The tour begins with a four-minute video that sets the scene with dramatic reconstructions of Pompeii and Mount Vesuvius. Providing a sense of daily life with projections, audio and visual effects, photographic murals and reproductions of frescoes and mosaics, the exhibit guides visitors through the stately villa of a wealthy family, a public market, a temple, an amphitheater, baths and a brothel. Visitors will share the sensory experience of Pompeiians on that fateful August afternoon in a “4D eruption theater,” but with the advantage of knowing what’s happening. The word volcano didn’t exist in Latin, the language of Pompeiians.
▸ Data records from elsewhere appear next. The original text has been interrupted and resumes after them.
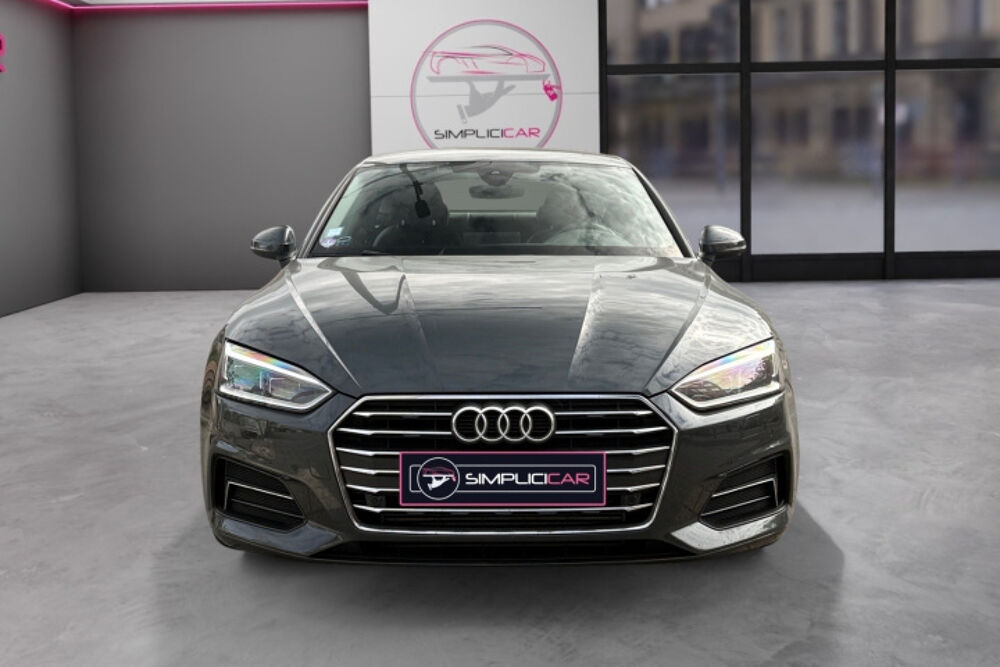 A5 II SPORTBACK 40 TFSI 190 S TRONIC 7 2019 occasion 93100 Montreuil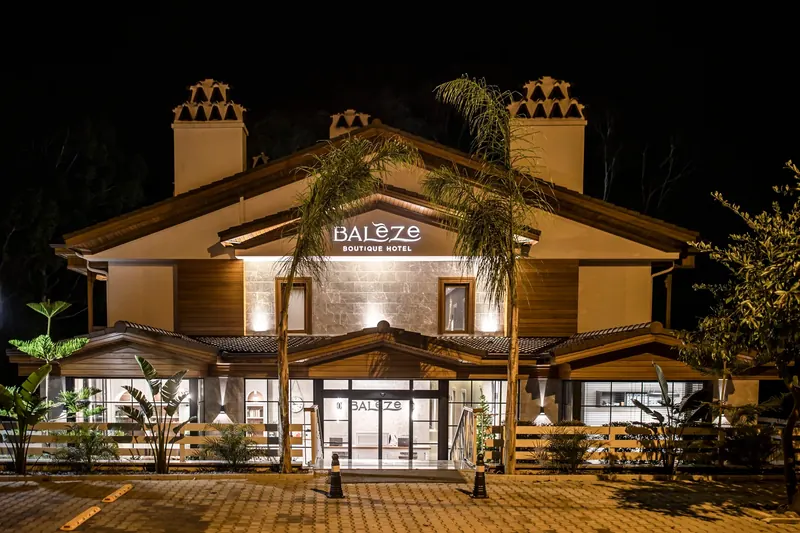 Baleze Butik Hotel galeri 1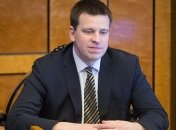 Премьер Эстонии назвал планы украинских реформ "впечатляющими"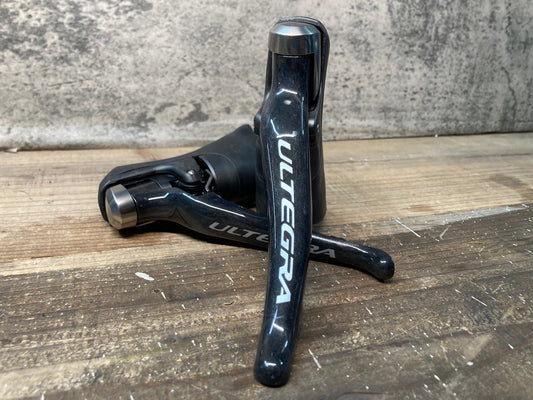 IR718 シマノ SHIMANO アルテグラ ULTEGRA ST-6800 STIレバー 2x11S
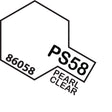 Tamiya Ps-58 Pearl Clear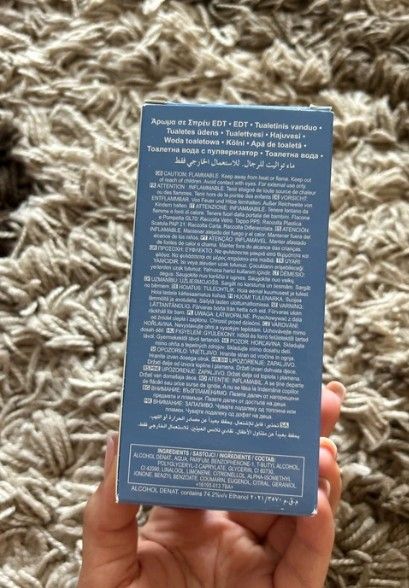 Parfum - Individual Blue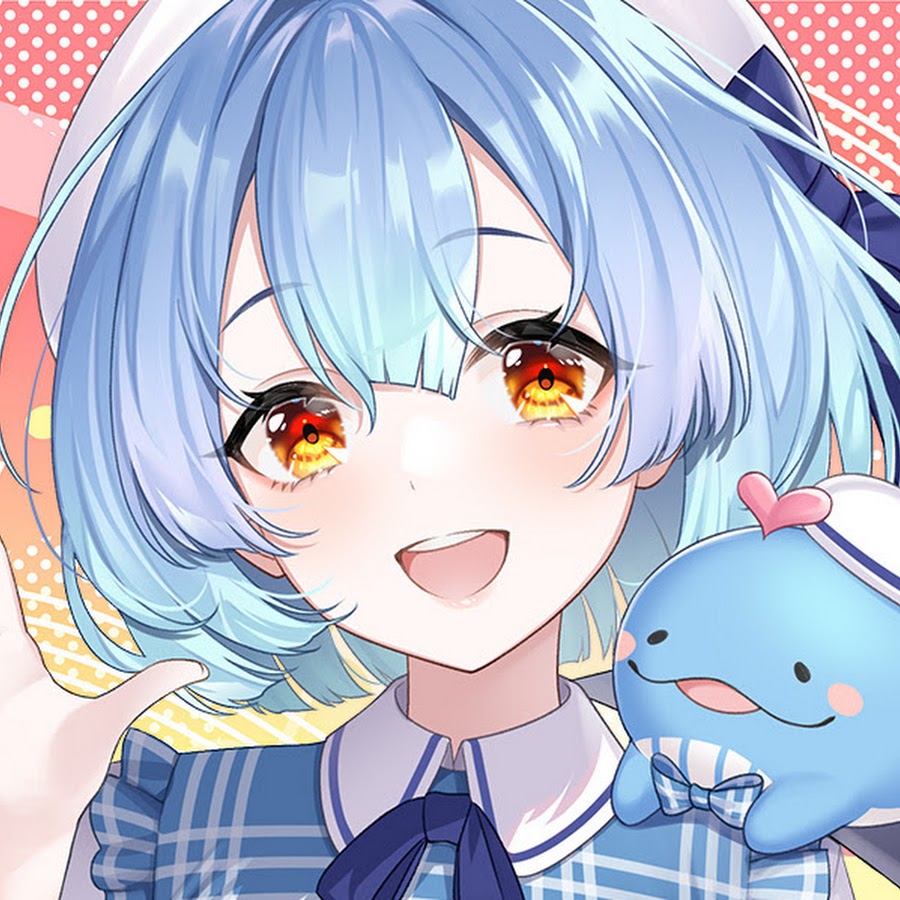 鯨野アイカ Youtube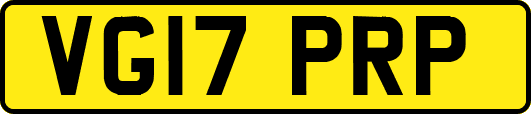 VG17PRP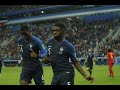 Pogba,Umtiti,freestyle dance Mondiali 2018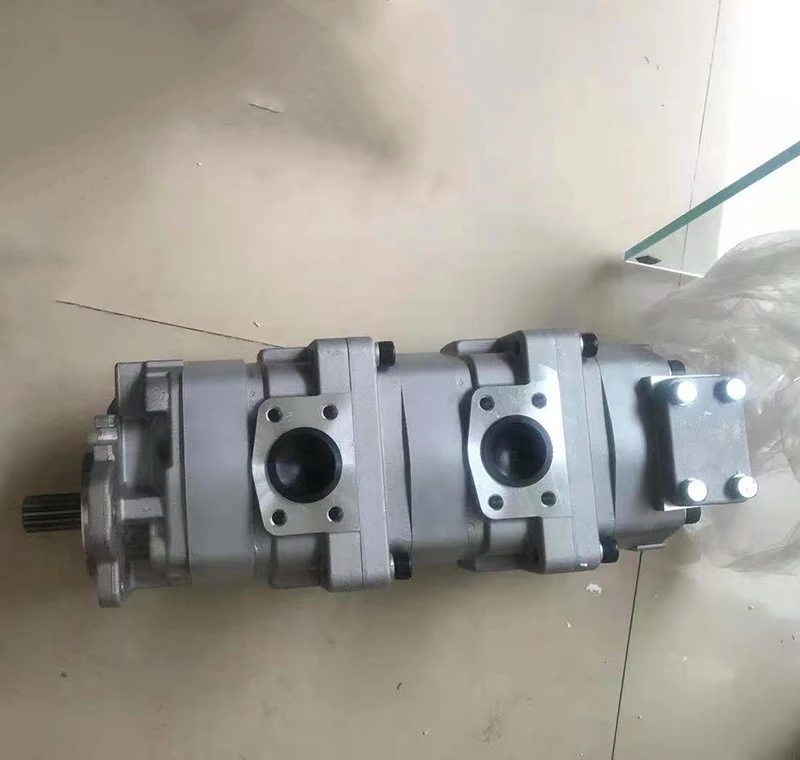

HPV55 Hydraulic Main Pump PC100-1 PC100-2 Piston Gear Pump 705-58-34000 for koma tsu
It’s estimated that 80 percent of Pompeii’s residents may have managed to escape before nightfall on Aug. 24, and that upwards of 2,000 Pompeiians perished. They choked to death on ash and sulfurous gas, were crushed by buildings collapsing from seismic tremors and from the weight of accumulating lapilli (rock fragments exploding from an erupting volcano), were fatally struck by larger pyroclasts, or they died from thermal shock.


The full fury of Mount Vesuvius didn’t destroy Pompeii and nearby communities. It encased them under some 20 feet of pumice stones and dust in fine-grained volcanic ash, which acted as a preservative. There, they remained entombed for two millennia, protected against looters until 1595 when laborers constructing an aqueduct uncovered Pompeii. The site was pillaged, then forgotten until 1748. Bourbon King Charles III began excavations to find art treasures.


As more of the ancient city was unearthed in succeeding centuries, its allure grew. Pompeii became an international tourist attraction. It was romanticized in popular culture and influenced contemporary art and architecture. After touring the ruins in the 1780s, Goethe, the German poet wrote, “Many disasters have befallen the world, but few have brought posterity so much joy.”


Pompeii, which dates back to about 600 B.C.E., was a thriving regional center at the southeastern base of Mount Vesuvius on Italy’s West Coast. The prosperous city of 10,000-20,000 inhabitants lay only a few miles from the Bay of Naples and Herculaneum, an exclusive seaside resort. In 79 A.D., both communities were recovering from a cataclysmic earthquake 17 years earlier. Scientists suggest it was a precursor to Mount Vesuvius’s devastating eruption – one of history’s most famously fascinating natural disasters.


Pompeii: The Exhibition continues through spring at Union Station From here, the collection will visit two more U.S. cities before traveling to Russia.